Nesse sentido, Araújo et al. (2000) argumentam que os planos de reassentamento propostos em Itaparica foram inovadores, por incorporarem a dimensão social nas ações planejadas pelo poder público, além de se consolidar a visão do reassentamento como política compensatória aos atingidos por barragens.

Portanto, ficam claros os avanços sociais alcançados em Itaparica, quando comparado ao caso de Sobradinho.

A presença mais efetiva das populações atingidas no processo de reassentamento configura-se como um tipo de participação que rompe no âmbito do encaminhamento das decisões tomadas, com as práticas eminentemente autoritárias e excludentes, características de intervenções anteriores (ARAÚJO et al., 2000, p. 51).

A transição democrática contribuiu para a organização social e a participação da população atingida no processo decisório. A prática da negociação foi incorporada no processo de gestão de conflitos realizado pela Chesf, oportunidade em que se firmou o termo de compromisso entre Chesf e Pólo Sindical. A mediação também foi realizada, mediante a ação do sindicato como representante da população atingida, lutando por seus direitos e alcançando a vitória, traduzida na elaboração do Plano de Desocupação de Itaparica.

Nota-se, também, uma evolução dentro da própria Chesf no tratamento dispensado à população atingida. Um exemplo disso é que à época da implantação da UHE Sobradinho, as questões relativas aos deslocamentos eram tratadas por advogados de fora da empresa, contratados para essa finalidade específica. Já em Itaparica, criou-se um departamento dentro da Chesf, o qual era responsável, especificamente, por cuidar dos assuntos relacionados à população atingida, como seus interesses e a construção de reassentamentos.
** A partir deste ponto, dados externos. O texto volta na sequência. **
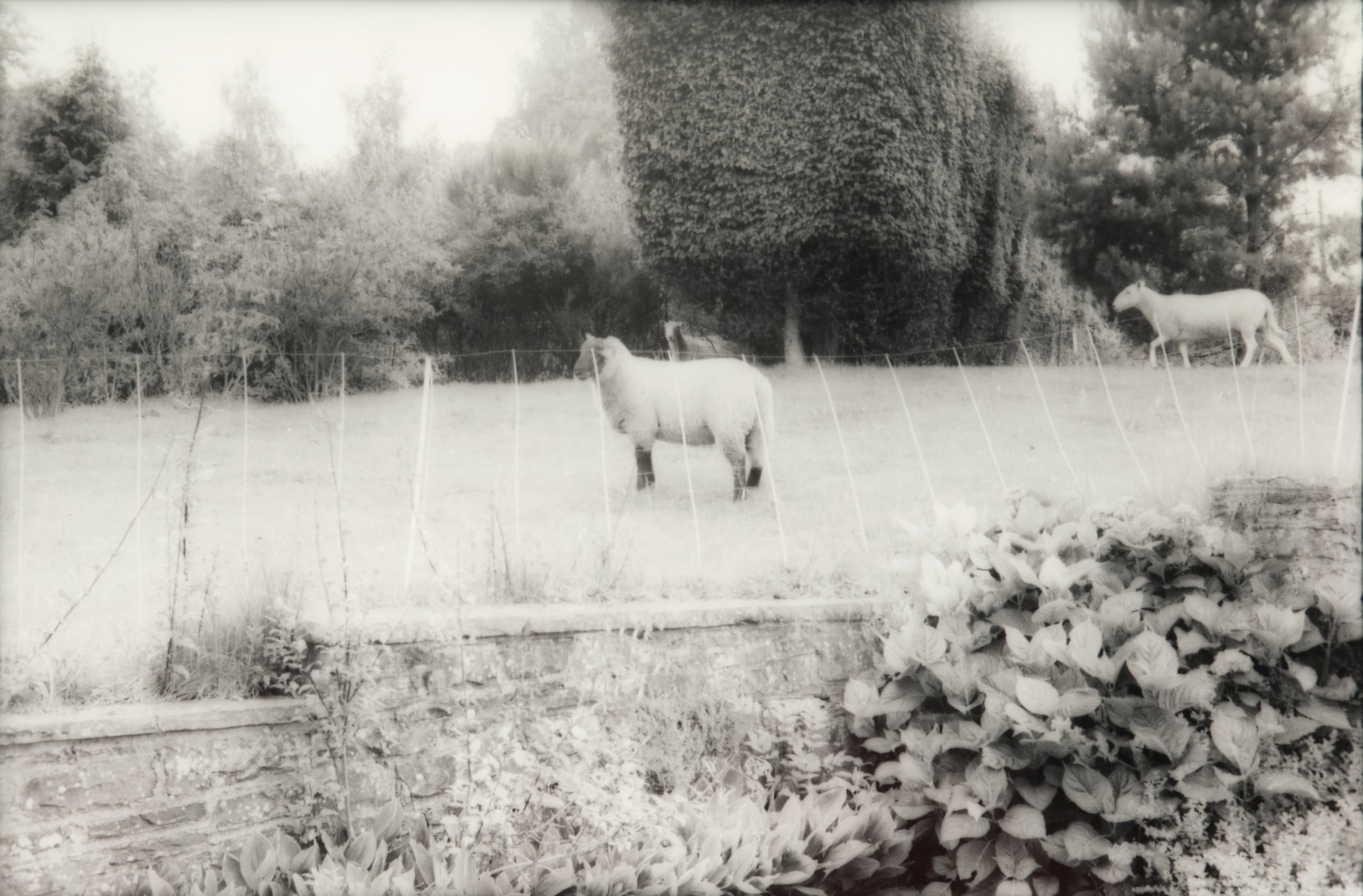 Lambs in the Garden, Cui Pare, Wales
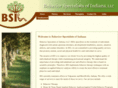 bsitherapy.com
Com isso, a Chesf procurou incorporar os problemas sociais às suas decisões (ANDRADE, 2006).

Assim, o período de abertura política, em que foi implantada a UHE Itaparica, foi marcado por um processo de democratização nascente com fortes movimentos internacionais ambientais e de direitos humanos, os quais acirraram o conflito. Nasceram novas formas de representação e relações entre as comunidades locais, governo, agências internacionais, ONGs e instituições globais, bem como emergiram os conceitos de "desenvolvimento sustentável", "conservação" e "forças de mercado". Com esses novos ideais, os conflitos sociais e ambientais se tornaram mais evidentes na paisagem do Rio São Francisco, como se nota a partir do estudo de caso da UHE Itaparica (ANDRADE, 2006).